Output the records below verbatim, minus the pictures.

══════

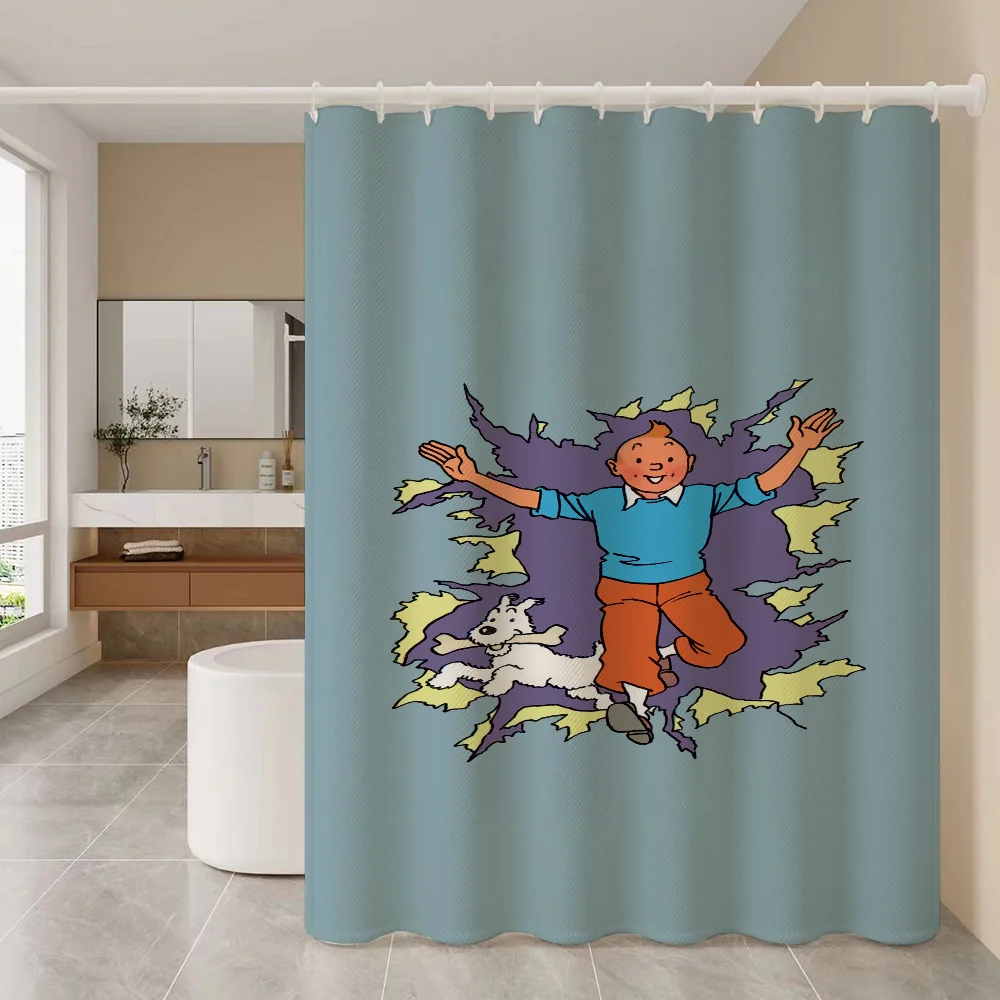 Curtains for Bathroom Shower Curtain T-tintin Accessories Bath Waterproof Fabric Set the Anti-mold Opaque Washable 180x200 Home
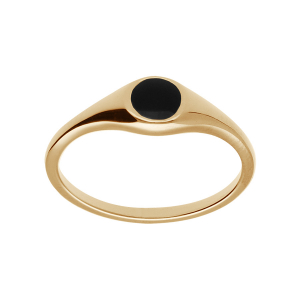 BAGUE PLAQUÉ OR PETITE CHEVALIERE PAVÉ FORME ROND ONYX IMITATION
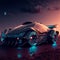 Illuminated futuristic autonomous car science fiction scene. Selective Focus. AI generated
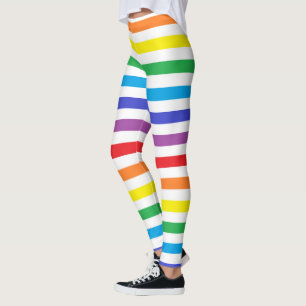 Rainbow and White Stripes Leggings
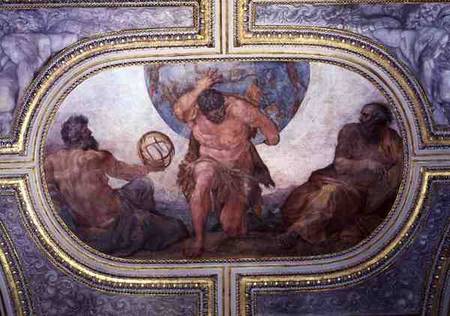 Hercules Supporting the World Flanked by Euclid and Ptolemy, from the 'Camerino' de Annibale Carracci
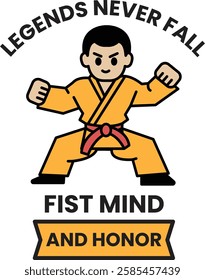 A cartoon of a man in a karate uniform with the word in the style of sign illustrations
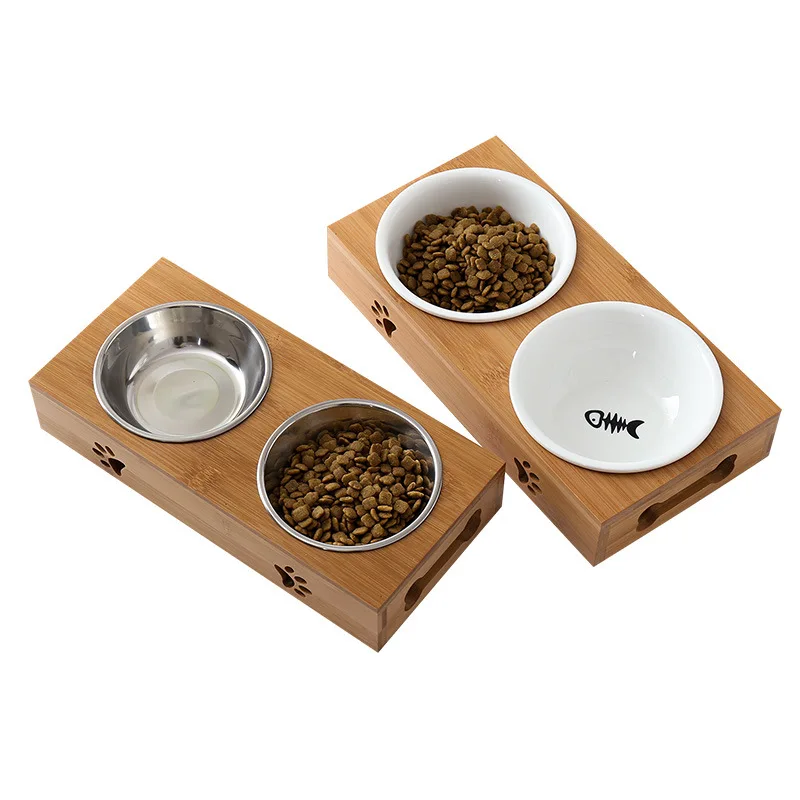 

Bamboo fiber round shape non-slip pet bowl solid color pet cat bowl bamboo pet dog bowl, Bamboo color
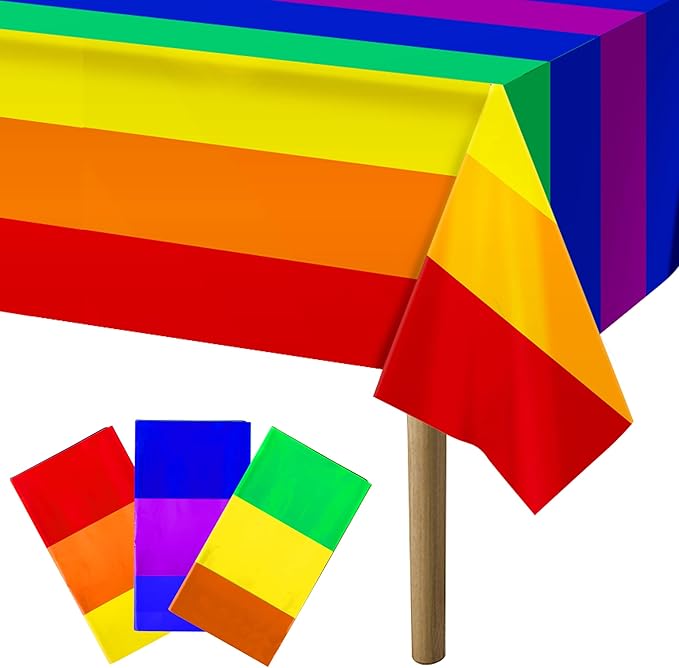 3 Packs Disposable Rainbow Tablecloth-108 x 54 inches Rectangular Pride Rainbow Table Cloth Decoration - Rainbow Theme Plastic Waterproof Tablecover for Birthday Parties, Gay Pride.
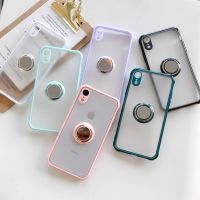 {OLI STUDIO} เคสกันกระแทกวงแหวนโลหะสำหรับ iPhone 12 Pro 13 Mini 11 Pro Max Matte Simple สำหรับ Iphone X XS Max XR 7 8 Plus เคสโน้ตบุ๊คหลากสี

══════

▶ _Answer box_
 Curtains for Bathroom Shower Curtain T-tintin Accessories Bath Waterproof Fabric Set the Anti-mold Opaque Washable 180x200 Home
 BAGUE PLAQUÉ OR PETITE CHEVALIERE PAVÉ FORME ROND ONYX IMITATION
 Illuminated futuristic autonomous car science fiction scene. Selective Focus. AI generated
 Rainbow and White Stripes Leggings
 Hercules Supporting the World Flanked by Euclid and Ptolemy, from the 'Camerino' de Annibale Carracci
 A cartoon of a man in a karate uniform with the word in the style of sign illustrations

Bamboo fiber round shape non-slip pet bowl solid color pet cat bowl bamboo pet dog bowl, Bamboo color
 3 Packs Disposable Rainbow Tablecloth-108 x 54 inches Rectangular Pride Rainbow Table Cloth Decoration - Rainbow Theme Plastic Waterproof Tablecover for Birthday Parties, Gay Pride.
 {OLI STUDIO} เคสกันกระแทกวงแหวนโลหะสำหรับ iPhone 12 Pro 13 Mini 11 Pro Max Matte Simple สำหรับ Iphone X XS Max XR 7 8 Plus เคสโน้ตบุ๊คหลากสี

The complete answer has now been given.